● **Exercise**
Output all the data exactly.

····················

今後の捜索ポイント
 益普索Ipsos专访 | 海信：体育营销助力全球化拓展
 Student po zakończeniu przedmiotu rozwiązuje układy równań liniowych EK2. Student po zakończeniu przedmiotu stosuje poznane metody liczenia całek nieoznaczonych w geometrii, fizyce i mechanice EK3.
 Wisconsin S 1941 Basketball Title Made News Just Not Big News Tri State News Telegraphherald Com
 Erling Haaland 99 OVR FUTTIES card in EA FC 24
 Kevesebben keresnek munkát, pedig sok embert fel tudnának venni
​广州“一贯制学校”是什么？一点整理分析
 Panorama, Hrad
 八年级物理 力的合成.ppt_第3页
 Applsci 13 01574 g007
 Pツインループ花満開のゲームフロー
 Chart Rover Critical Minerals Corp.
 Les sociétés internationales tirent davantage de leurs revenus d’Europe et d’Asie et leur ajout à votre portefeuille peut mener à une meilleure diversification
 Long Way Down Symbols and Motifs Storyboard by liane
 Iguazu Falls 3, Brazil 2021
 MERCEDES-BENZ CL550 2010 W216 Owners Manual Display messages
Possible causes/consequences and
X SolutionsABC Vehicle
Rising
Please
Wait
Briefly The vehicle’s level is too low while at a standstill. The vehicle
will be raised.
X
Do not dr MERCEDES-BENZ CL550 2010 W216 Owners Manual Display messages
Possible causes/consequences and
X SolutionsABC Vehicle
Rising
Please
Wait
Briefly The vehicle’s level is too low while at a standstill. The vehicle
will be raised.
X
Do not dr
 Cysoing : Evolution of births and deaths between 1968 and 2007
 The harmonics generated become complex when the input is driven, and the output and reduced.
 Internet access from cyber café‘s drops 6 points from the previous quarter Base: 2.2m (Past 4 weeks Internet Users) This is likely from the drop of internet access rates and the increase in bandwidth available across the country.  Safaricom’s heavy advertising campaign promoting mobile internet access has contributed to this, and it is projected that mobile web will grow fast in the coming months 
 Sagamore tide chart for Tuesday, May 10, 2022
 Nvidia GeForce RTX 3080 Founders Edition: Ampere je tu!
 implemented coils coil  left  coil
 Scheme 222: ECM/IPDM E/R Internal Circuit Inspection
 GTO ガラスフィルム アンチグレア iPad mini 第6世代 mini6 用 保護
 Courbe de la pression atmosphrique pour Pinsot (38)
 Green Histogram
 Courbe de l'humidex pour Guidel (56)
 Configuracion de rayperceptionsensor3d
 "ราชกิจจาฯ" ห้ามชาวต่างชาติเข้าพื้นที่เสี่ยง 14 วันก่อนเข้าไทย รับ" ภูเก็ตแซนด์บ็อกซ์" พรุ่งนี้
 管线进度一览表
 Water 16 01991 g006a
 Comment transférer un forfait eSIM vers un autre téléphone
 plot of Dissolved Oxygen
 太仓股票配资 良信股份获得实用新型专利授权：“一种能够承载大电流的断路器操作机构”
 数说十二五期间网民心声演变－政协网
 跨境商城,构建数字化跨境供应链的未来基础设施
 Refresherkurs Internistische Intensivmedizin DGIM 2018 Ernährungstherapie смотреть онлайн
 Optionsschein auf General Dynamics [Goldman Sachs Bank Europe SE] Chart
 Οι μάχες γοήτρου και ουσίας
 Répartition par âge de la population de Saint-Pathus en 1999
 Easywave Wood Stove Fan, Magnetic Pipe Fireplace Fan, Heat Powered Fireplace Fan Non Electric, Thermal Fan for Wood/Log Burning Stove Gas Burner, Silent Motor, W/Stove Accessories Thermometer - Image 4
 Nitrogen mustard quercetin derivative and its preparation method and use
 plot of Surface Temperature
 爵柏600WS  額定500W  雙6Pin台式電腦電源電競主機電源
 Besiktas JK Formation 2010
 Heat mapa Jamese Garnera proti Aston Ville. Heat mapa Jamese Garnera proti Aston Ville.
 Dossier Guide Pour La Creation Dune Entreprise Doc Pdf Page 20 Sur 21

····················

● **Written answer**
今後の捜索ポイント
 益普索Ipsos专访 | 海信：体育营销助力全球化拓展
 Student po zakończeniu przedmiotu rozwiązuje układy równań liniowych EK2. Student po zakończeniu przedmiotu stosuje poznane metody liczenia całek nieoznaczonych w geometrii, fizyce i mechanice EK3.
 Wisconsin S 1941 Basketball Title Made News Just Not Big News Tri State News Telegraphherald Com
 Erling Haaland 99 OVR FUTTIES card in EA FC 24
 Kevesebben keresnek munkát, pedig sok embert fel tudnának venni
​广州“一贯制学校”是什么？一点整理分析
 Panorama, Hrad
 八年级物理 力的合成.ppt_第3页
 Applsci 13 01574 g007
 Pツインループ花満開のゲームフロー
 Chart Rover Critical Minerals Corp.
 Les sociétés internationales tirent davantage de leurs revenus d’Europe et d’Asie et leur ajout à votre portefeuille peut mener à une meilleure diversification
 Long Way Down Symbols and Motifs Storyboard by liane
 Iguazu Falls 3, Brazil 2021
 MERCEDES-BENZ CL550 2010 W216 Owners Manual Display messages
Possible causes/consequences and
X SolutionsABC Vehicle
Rising
Please
Wait
Briefly The vehicle’s level is too low while at a standstill. The vehicle
will be raised.
X
Do not dr MERCEDES-BENZ CL550 2010 W216 Owners Manual Display messages
Possible causes/consequences and
X SolutionsABC Vehicle
Rising
Please
Wait
Briefly The vehicle’s level is too low while at a standstill. The vehicle
will be raised.
X
Do not dr
 Cysoing : Evolution of births and deaths between 1968 and 2007
 The harmonics generated become complex when the input is driven, and the output and reduced.
 Internet access from cyber café‘s drops 6 points from the previous quarter Base: 2.2m (Past 4 weeks Internet Users) This is likely from the drop of internet access rates and the increase in bandwidth available across the country.  Safaricom’s heavy advertising campaign promoting mobile internet access has contributed to this, and it is projected that mobile web will grow fast in the coming months 
 Sagamore tide chart for Tuesday, May 10, 2022
 Nvidia GeForce RTX 3080 Founders Edition: Ampere je tu!
 implemented coils coil  left  coil
 Scheme 222: ECM/IPDM E/R Internal Circuit Inspection
 GTO ガラスフィルム アンチグレア iPad mini 第6世代 mini6 用 保護
 Courbe de la pression atmosphrique pour Pinsot (38)
 Green Histogram
 Courbe de l'humidex pour Guidel (56)
 Configuracion de rayperceptionsensor3d
 "ราชกิจจาฯ" ห้ามชาวต่างชาติเข้าพื้นที่เสี่ยง 14 วันก่อนเข้าไทย รับ" ภูเก็ตแซนด์บ็อกซ์" พรุ่งนี้
 管线进度一览表
 Water 16 01991 g006a
 Comment transférer un forfait eSIM vers un autre téléphone
 plot of Dissolved Oxygen
 太仓股票配资 良信股份获得实用新型专利授权：“一种能够承载大电流的断路器操作机构”
 数说十二五期间网民心声演变－政协网
 跨境商城,构建数字化跨境供应链的未来基础设施
 Refresherkurs Internistische Intensivmedizin DGIM 2018 Ernährungstherapie смотреть онлайн
 Optionsschein auf General Dynamics [Goldman Sachs Bank Europe SE] Chart
 Οι μάχες γοήτρου και ουσίας
 Répartition par âge de la population de Saint-Pathus en 1999
 Easywave Wood Stove Fan, Magnetic Pipe Fireplace Fan, Heat Powered Fireplace Fan Non Electric, Thermal Fan for Wood/Log Burning Stove Gas Burner, Silent Motor, W/Stove Accessories Thermometer - Image 4
 Nitrogen mustard quercetin derivative and its preparation method and use
 plot of Surface Temperature
 爵柏600WS  額定500W  雙6Pin台式電腦電源電競主機電源
 Besiktas JK Formation 2010
 Heat mapa Jamese Garnera proti Aston Ville. Heat mapa Jamese Garnera proti Aston Ville.
 Dossier Guide Pour La Creation Dune Entreprise Doc Pdf Page 20 Sur 21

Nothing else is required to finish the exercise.